Top of LISTED RECORDS
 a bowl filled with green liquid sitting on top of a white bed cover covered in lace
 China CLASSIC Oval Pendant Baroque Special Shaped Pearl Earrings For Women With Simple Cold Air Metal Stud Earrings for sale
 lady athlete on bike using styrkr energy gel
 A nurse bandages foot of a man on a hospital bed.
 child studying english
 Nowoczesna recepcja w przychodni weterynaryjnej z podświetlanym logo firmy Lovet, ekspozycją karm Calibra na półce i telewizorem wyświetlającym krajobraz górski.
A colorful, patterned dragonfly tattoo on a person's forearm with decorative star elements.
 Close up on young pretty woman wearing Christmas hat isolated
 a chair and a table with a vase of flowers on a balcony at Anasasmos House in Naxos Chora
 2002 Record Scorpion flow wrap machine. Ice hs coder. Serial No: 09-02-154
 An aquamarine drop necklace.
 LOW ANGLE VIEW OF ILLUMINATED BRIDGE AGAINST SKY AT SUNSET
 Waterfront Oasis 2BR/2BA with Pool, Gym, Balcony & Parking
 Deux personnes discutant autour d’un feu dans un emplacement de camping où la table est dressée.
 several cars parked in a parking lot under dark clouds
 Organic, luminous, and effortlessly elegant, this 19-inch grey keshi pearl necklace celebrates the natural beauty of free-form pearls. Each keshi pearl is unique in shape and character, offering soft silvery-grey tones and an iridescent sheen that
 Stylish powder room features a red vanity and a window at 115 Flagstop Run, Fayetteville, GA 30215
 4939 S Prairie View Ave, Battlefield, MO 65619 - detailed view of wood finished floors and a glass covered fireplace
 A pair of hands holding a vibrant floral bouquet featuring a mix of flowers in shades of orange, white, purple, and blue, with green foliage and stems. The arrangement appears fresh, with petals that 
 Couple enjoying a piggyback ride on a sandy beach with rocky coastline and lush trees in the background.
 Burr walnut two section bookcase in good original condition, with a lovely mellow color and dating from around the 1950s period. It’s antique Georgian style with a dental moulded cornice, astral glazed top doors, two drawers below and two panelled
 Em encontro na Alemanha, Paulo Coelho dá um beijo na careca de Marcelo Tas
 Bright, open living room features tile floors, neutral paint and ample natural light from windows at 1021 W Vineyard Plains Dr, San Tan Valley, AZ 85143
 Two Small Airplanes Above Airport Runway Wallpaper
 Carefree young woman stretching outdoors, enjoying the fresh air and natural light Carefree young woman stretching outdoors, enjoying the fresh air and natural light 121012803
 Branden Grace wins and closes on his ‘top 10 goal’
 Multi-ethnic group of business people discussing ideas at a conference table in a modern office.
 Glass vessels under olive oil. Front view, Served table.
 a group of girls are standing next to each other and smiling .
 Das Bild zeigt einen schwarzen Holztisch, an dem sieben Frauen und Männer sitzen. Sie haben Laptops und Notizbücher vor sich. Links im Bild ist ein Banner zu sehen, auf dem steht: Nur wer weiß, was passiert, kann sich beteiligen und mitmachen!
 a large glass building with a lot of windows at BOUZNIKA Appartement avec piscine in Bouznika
Bottom of LISTED RECORDS
* **EXERCISE**
List every line above that contains the word "young".

* **RESPONSE TO THIS EXERCISE**
 Close up on young pretty woman wearing Christmas hat isolated
 Carefree young woman stretching outdoors, enjoying the fresh air and natural light Carefree young woman stretching outdoors, enjoying the fresh air and natural light 121012803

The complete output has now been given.